■ **YOUR GOAL**
Please repeat, from the entries that follow, the lines from the one containing "König Willem-Alexander und" through the one containing "Amana Art318Ffds 18" exactly, adding nothing.

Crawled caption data
========================
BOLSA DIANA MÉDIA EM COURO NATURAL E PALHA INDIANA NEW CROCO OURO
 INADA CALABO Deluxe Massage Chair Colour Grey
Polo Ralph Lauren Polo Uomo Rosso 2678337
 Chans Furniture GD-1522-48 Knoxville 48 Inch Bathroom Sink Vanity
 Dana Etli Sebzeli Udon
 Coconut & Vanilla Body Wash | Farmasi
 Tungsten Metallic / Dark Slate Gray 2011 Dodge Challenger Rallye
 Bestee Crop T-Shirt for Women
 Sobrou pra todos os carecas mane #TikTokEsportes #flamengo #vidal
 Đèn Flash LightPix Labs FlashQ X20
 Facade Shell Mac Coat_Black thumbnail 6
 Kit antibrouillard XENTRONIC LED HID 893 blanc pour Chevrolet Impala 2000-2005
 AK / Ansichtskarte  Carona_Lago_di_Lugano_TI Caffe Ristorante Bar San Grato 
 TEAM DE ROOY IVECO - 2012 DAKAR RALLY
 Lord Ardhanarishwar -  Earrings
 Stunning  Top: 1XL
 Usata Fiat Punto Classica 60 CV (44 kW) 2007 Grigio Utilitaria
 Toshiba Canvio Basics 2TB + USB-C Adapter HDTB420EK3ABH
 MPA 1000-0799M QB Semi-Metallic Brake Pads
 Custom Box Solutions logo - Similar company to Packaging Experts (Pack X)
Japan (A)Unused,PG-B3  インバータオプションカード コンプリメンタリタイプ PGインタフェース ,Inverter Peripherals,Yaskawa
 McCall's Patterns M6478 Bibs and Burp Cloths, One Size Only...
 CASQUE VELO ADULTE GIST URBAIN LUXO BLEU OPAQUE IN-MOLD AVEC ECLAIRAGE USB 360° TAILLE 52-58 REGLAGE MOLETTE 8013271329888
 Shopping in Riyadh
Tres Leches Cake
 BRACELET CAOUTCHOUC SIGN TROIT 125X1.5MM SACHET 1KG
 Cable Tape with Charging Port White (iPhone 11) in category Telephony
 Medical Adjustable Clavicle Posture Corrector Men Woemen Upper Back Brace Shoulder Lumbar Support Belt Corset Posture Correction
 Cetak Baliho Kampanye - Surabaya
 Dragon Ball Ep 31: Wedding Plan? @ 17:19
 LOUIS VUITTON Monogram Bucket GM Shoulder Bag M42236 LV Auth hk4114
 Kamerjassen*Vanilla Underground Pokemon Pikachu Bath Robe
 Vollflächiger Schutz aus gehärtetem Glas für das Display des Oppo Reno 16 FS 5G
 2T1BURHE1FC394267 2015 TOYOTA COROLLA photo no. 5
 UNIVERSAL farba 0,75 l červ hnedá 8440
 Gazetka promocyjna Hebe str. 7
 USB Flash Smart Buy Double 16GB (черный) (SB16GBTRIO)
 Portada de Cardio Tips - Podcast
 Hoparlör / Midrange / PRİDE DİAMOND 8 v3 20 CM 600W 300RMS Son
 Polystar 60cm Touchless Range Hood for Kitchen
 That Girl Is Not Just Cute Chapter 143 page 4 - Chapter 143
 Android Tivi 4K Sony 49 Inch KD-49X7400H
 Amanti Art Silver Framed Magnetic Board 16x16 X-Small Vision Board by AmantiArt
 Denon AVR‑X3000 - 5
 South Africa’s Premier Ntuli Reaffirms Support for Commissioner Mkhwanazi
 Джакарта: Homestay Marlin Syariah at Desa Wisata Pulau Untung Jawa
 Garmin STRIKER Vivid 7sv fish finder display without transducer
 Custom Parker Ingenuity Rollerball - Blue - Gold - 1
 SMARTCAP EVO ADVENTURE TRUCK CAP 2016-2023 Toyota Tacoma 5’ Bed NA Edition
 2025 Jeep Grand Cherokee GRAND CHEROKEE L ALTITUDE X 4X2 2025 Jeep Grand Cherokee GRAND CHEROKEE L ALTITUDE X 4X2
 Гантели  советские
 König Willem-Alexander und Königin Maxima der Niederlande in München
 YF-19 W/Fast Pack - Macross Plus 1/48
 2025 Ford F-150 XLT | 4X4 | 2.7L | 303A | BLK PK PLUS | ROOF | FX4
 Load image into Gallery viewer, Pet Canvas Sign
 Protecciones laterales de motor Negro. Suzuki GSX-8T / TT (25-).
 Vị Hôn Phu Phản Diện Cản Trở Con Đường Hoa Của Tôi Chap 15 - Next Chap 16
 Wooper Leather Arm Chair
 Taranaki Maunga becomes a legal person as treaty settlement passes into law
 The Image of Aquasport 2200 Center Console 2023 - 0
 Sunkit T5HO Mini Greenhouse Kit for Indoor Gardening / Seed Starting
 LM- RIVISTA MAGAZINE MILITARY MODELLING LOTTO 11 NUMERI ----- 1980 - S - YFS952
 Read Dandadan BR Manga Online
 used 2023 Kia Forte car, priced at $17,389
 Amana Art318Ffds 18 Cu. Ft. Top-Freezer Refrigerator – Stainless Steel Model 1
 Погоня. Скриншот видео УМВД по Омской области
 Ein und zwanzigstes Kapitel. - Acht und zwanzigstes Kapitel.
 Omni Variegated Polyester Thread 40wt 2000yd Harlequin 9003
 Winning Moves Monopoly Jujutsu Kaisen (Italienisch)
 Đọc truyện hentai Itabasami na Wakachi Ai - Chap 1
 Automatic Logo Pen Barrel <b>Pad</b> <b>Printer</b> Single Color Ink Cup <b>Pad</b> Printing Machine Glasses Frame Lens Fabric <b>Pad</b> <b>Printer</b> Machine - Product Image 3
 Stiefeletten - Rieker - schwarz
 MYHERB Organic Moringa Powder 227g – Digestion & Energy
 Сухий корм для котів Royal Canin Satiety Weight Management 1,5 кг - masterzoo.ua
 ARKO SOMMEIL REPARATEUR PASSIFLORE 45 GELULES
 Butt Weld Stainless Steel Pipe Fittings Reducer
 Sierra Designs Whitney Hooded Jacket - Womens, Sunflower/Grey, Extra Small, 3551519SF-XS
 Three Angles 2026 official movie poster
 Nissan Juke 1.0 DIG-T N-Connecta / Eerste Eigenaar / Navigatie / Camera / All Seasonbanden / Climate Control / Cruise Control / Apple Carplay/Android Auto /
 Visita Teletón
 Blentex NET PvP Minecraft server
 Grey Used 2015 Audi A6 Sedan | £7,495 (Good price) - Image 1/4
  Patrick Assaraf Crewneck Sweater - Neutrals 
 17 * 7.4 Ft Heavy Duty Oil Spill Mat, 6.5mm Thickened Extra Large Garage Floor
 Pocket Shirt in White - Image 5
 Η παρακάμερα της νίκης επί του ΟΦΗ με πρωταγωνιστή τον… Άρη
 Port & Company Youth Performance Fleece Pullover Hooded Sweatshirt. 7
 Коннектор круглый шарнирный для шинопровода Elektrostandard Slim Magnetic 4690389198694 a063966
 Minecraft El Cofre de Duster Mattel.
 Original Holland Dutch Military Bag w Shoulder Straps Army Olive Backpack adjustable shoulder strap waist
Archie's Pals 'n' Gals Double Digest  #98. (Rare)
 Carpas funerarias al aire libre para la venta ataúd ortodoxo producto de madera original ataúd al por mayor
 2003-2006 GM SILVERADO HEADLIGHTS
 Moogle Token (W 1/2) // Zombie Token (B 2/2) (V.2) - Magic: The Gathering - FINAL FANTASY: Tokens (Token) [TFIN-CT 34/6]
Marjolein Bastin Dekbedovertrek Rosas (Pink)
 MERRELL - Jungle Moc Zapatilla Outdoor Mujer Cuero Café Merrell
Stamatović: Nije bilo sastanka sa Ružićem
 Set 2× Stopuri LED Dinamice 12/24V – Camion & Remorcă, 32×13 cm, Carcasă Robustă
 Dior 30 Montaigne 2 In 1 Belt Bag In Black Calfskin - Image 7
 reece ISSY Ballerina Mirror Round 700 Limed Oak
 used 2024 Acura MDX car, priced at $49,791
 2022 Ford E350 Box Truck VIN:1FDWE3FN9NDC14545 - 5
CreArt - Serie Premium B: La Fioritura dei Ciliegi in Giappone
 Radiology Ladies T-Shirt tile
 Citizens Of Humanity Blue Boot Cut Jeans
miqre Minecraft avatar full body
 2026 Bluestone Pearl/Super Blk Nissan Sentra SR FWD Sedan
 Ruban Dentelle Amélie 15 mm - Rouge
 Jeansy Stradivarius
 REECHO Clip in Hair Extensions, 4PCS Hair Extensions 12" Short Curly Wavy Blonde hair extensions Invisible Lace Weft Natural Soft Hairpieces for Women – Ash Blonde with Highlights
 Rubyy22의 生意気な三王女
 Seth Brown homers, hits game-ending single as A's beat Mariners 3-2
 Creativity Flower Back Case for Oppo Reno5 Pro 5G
========================
■ **ANSWER TO THIS PROBLEM**
 König Willem-Alexander und Königin Maxima der Niederlande in München
 YF-19 W/Fast Pack - Macross Plus 1/48
 2025 Ford F-150 XLT | 4X4 | 2.7L | 303A | BLK PK PLUS | ROOF | FX4
 Load image into Gallery viewer, Pet Canvas Sign
 Protecciones laterales de motor Negro. Suzuki GSX-8T / TT (25-).
 Vị Hôn Phu Phản Diện Cản Trở Con Đường Hoa Của Tôi Chap 15 - Next Chap 16
 Wooper Leather Arm Chair
 Taranaki Maunga becomes a legal person as treaty settlement passes into law
 The Image of Aquasport 2200 Center Console 2023 - 0
 Sunkit T5HO Mini Greenhouse Kit for Indoor Gardening / Seed Starting
 LM- RIVISTA MAGAZINE MILITARY MODELLING LOTTO 11 NUMERI ----- 1980 - S - YFS952
 Read Dandadan BR Manga Online
 used 2023 Kia Forte car, priced at $17,389
 Amana Art318Ffds 18 Cu. Ft. Top-Freezer Refrigerator – Stainless Steel Model 1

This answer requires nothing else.